WHAT YOU HAVE TO DO:
From the records below, report the number of lines that contain "Foto", and add nothing.
--- --- ---
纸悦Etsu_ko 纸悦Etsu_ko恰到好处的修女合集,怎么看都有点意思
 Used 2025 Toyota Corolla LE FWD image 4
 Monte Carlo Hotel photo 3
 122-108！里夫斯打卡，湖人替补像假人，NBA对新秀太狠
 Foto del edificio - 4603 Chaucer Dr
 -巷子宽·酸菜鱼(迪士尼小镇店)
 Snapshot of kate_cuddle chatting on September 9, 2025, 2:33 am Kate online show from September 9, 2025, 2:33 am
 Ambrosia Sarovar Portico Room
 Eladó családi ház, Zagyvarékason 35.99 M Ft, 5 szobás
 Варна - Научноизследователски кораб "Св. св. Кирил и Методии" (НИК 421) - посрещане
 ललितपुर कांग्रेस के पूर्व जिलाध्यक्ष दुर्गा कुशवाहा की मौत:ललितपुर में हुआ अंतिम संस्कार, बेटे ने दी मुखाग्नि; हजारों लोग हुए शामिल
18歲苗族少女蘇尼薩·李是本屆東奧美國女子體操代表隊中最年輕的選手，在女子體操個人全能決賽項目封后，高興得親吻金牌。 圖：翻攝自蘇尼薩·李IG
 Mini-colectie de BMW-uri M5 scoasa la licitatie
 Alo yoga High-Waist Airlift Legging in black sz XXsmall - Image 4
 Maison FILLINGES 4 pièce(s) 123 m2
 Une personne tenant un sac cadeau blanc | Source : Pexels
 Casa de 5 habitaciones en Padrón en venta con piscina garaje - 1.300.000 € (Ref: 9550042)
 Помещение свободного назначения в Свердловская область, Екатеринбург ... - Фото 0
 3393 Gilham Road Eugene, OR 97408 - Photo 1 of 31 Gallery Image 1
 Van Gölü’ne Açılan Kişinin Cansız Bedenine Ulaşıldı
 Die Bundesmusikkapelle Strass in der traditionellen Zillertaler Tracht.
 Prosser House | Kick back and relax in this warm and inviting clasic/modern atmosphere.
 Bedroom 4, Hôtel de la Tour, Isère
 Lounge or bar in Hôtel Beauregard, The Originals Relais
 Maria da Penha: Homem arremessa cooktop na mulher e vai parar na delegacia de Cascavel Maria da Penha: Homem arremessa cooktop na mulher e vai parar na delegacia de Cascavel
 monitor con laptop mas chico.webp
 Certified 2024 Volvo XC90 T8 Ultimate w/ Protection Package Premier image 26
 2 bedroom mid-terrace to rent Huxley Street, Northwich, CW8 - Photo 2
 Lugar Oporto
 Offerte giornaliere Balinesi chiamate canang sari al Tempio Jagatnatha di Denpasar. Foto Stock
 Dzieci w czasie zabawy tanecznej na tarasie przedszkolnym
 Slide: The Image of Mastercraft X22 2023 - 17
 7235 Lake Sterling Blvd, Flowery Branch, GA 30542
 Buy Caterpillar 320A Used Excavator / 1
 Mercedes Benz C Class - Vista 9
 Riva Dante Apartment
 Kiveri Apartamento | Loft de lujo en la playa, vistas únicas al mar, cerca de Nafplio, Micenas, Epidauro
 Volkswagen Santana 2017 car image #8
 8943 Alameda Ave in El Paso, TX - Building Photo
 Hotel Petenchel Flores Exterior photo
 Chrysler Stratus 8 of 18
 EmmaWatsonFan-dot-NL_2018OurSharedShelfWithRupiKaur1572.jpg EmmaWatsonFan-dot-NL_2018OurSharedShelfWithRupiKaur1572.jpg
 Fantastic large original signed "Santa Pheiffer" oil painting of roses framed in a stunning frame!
--- --- ---
OUTPUT:
2